◆ Problem details ◆
What are the lines from the top of the entries below through the line containing "two green and"? Return them exactly, both ends included, without the pictures.

-----

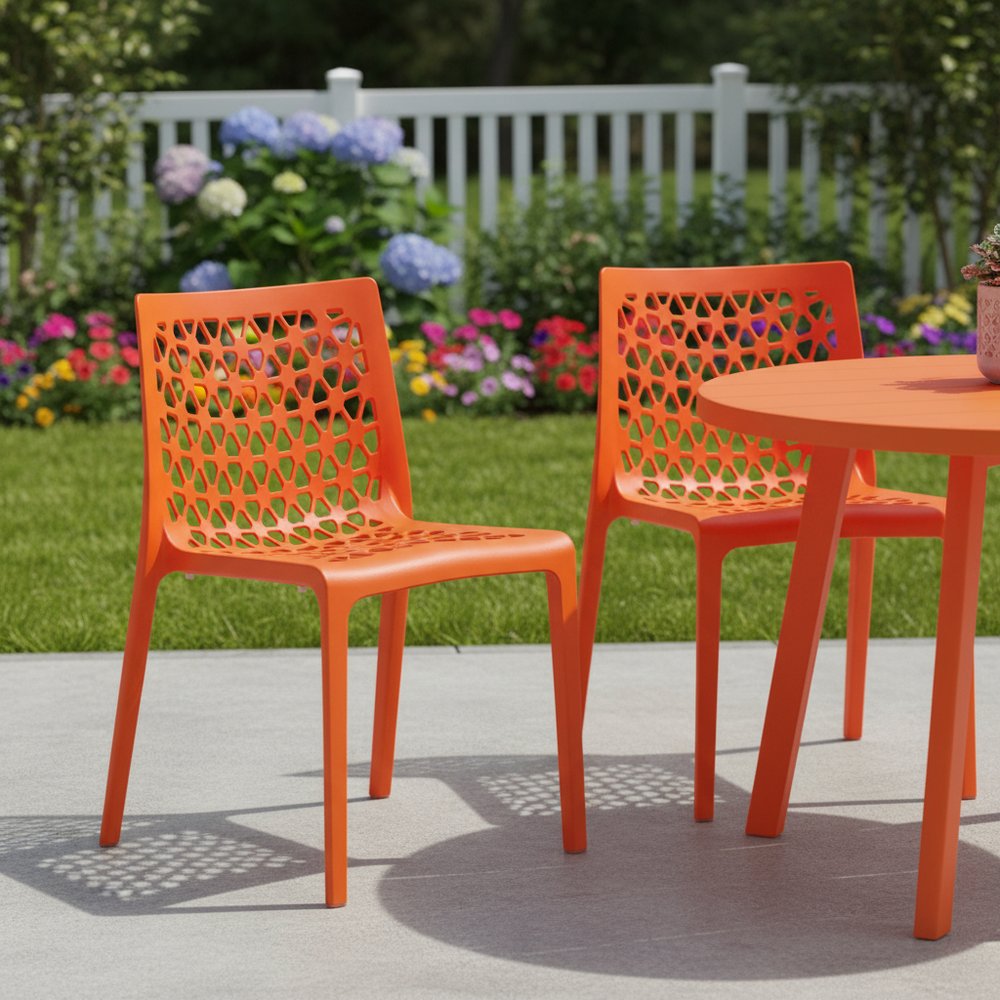 Set of Two Orange Heavy Duty Plastic Outdoor Stacking Dining Chairs HomeRoots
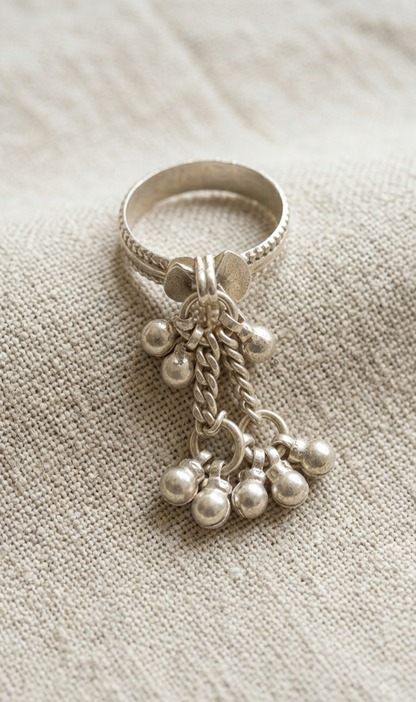 A silver-toned ring with a textured band and dangling charm elements, including small bead clusters and a twisted rope detail, photographed on a neutral beige fabric background.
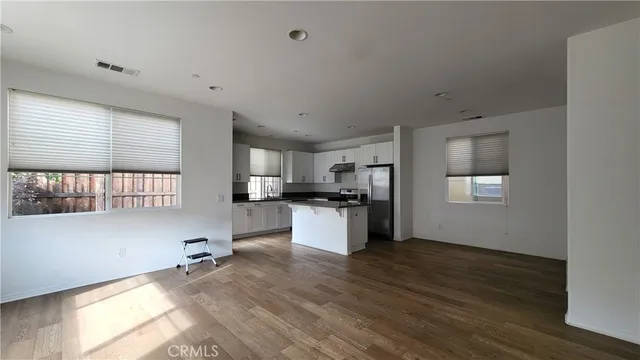 a kitchen with a refrigerator and a stove top oven
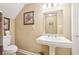 Traditional bathroom with pedestal sink, toilet, and decorative wall art at 4802 Moon Chase Dr, Buford, GA 30519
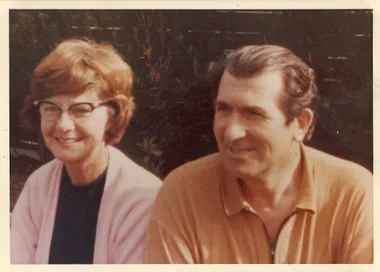 A man and a woman sitting smiling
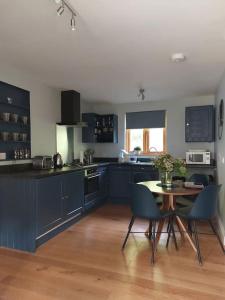Hopton CangefordThe Hen Den的厨房配有蓝色橱柜和桌椅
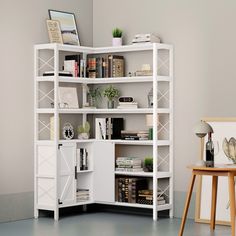 a white book shelf with books on top and various other items in the room next to it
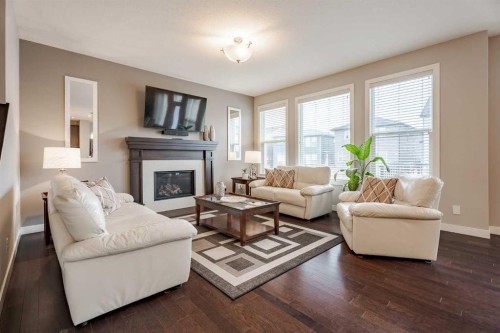 355 Evanston Way Nw, Calgary, AB - Indoor Photo Showing Living Room With Fireplace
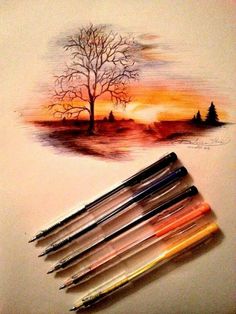 some watercolor pencils are laying on top of a piece of paper with a tree painted on it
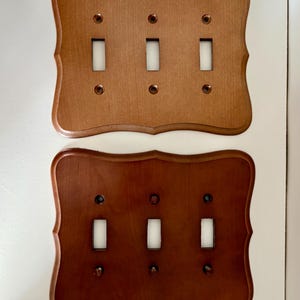 May include: Two rectangular wooden light switch plates with scalloped edges. Each plate features three vertical rectangular cutouts for switches and six small circular holes for mounting screws. One plate is light brown, the other is dark brown.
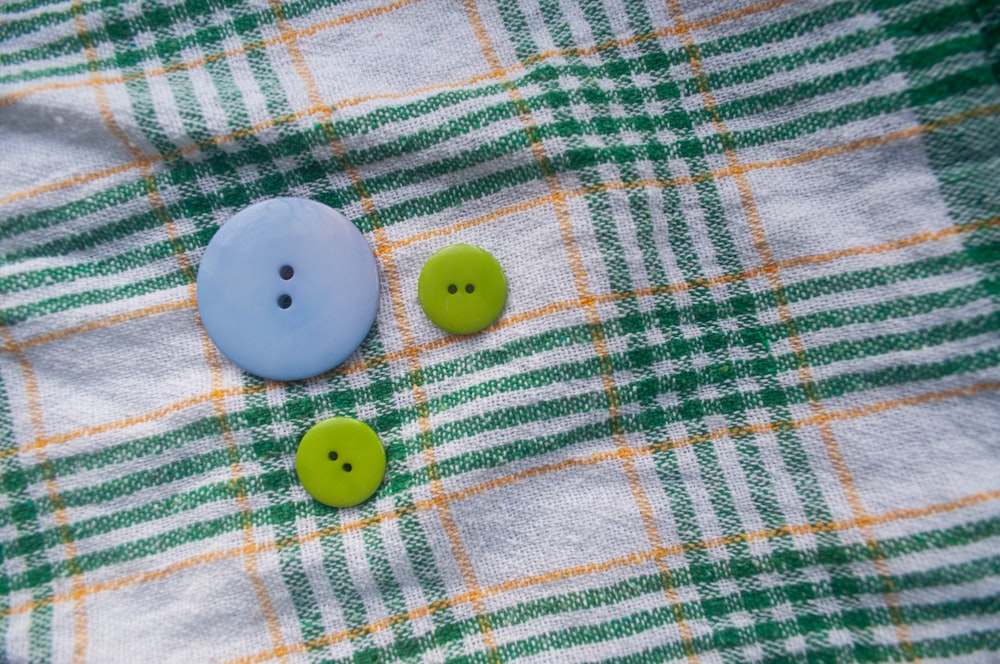 two green and white buttons on a green and white checkered cloth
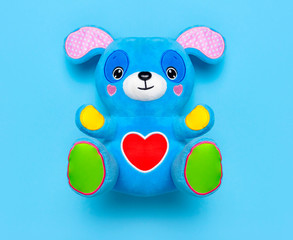 Blue soft children's toy puppy with funny ears, multi-colored paws and red heart on blue background flat lay top view copy space. Plush toy dog, baby friend, children's play item, happy childhood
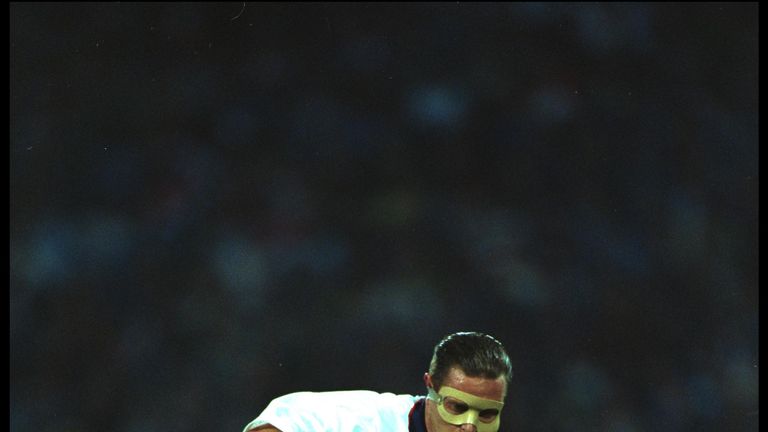 8 SEP 1993:  PAUL GASCOIGNE OF ENGLAND WEARING HIS PROTECTIVE MASK CONTROLS THE BALL DURING A WORLD CUP QUALIFYING MATCH AGAINST POLAND PLAYED IN KATOWICE.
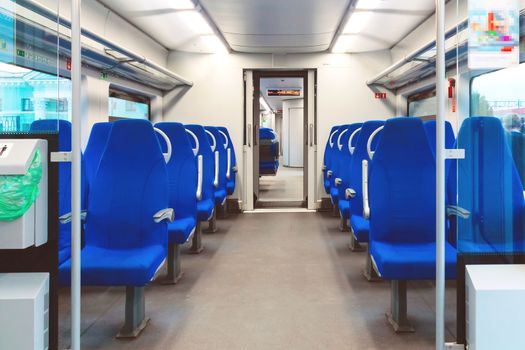 Interior of an empty passenger car commuter train.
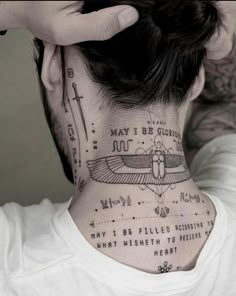 a man with a neck tattoo that has writing on it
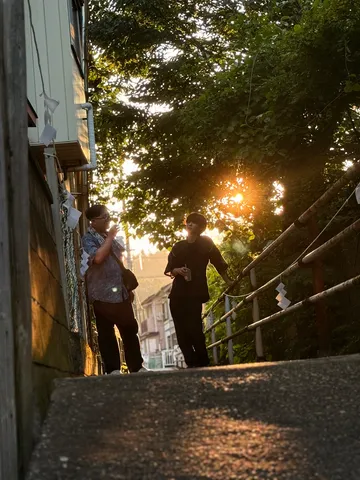 夕暮れの路地で交わる影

-----

◆ Response ◆
 Set of Two Orange Heavy Duty Plastic Outdoor Stacking Dining Chairs HomeRoots
 A silver-toned ring with a textured band and dangling charm elements, including small bead clusters and a twisted rope detail, photographed on a neutral beige fabric background.
 a kitchen with a refrigerator and a stove top oven
 Traditional bathroom with pedestal sink, toilet, and decorative wall art at 4802 Moon Chase Dr, Buford, GA 30519
 A man and a woman sitting smiling
Hopton CangefordThe Hen Den的厨房配有蓝色橱柜和桌椅
 a white book shelf with books on top and various other items in the room next to it
 355 Evanston Way Nw, Calgary, AB - Indoor Photo Showing Living Room With Fireplace
 some watercolor pencils are laying on top of a piece of paper with a tree painted on it
 May include: Two rectangular wooden light switch plates with scalloped edges. Each plate features three vertical rectangular cutouts for switches and six small circular holes for mounting screws. One plate is light brown, the other is dark brown.
 two green and white buttons on a green and white checkered cloth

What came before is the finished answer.